What needs to be done: Which lines of the records below contain the word "Diamonds"? Copy each of them out.

Brief descriptive captions
>>>

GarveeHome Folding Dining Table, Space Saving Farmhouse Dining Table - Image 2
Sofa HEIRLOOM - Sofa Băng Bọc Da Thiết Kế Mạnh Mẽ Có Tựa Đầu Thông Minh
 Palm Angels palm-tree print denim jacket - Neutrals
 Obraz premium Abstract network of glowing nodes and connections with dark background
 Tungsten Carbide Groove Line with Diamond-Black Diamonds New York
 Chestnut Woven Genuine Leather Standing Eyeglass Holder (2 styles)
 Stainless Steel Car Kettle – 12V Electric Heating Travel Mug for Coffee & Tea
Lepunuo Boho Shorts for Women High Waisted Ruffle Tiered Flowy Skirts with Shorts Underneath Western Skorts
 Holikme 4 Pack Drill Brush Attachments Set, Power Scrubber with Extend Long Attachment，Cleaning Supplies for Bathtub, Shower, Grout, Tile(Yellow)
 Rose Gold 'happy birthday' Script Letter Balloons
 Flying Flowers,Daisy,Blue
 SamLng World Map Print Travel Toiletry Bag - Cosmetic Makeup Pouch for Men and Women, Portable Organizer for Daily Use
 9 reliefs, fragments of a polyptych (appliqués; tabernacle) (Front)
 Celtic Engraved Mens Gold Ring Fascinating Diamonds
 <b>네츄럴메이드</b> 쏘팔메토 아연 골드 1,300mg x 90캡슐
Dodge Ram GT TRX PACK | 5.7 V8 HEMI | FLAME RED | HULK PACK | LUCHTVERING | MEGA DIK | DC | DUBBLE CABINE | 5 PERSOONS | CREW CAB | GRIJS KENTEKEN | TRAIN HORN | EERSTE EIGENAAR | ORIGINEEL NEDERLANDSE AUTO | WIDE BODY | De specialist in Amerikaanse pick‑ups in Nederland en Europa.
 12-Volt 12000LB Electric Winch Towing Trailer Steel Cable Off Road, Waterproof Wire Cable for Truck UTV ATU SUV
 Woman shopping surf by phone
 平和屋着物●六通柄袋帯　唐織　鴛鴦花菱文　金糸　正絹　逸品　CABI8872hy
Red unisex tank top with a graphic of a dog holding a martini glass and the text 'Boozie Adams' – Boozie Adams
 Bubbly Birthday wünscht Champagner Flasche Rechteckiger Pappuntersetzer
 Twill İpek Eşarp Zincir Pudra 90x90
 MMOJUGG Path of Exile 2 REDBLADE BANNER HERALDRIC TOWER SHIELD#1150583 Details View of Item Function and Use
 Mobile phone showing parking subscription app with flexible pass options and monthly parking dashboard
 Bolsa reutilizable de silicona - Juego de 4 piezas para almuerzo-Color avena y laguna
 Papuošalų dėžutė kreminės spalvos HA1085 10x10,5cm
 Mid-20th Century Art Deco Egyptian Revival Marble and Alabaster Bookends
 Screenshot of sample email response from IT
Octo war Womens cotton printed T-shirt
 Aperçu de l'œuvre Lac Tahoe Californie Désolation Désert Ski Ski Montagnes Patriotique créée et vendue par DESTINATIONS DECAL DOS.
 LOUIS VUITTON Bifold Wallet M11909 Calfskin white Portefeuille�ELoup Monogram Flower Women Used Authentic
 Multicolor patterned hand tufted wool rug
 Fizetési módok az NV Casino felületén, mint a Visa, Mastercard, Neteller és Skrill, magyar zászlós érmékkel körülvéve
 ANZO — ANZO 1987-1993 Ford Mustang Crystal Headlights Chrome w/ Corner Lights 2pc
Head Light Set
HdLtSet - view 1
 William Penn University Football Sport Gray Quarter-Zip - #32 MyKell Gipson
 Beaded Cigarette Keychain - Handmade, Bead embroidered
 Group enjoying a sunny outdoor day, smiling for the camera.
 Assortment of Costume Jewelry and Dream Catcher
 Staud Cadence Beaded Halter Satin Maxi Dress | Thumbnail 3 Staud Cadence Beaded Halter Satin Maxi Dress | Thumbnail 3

<<<

Answer space:
 Tungsten Carbide Groove Line with Diamond-Black Diamonds New York
 Celtic Engraved Mens Gold Ring Fascinating Diamonds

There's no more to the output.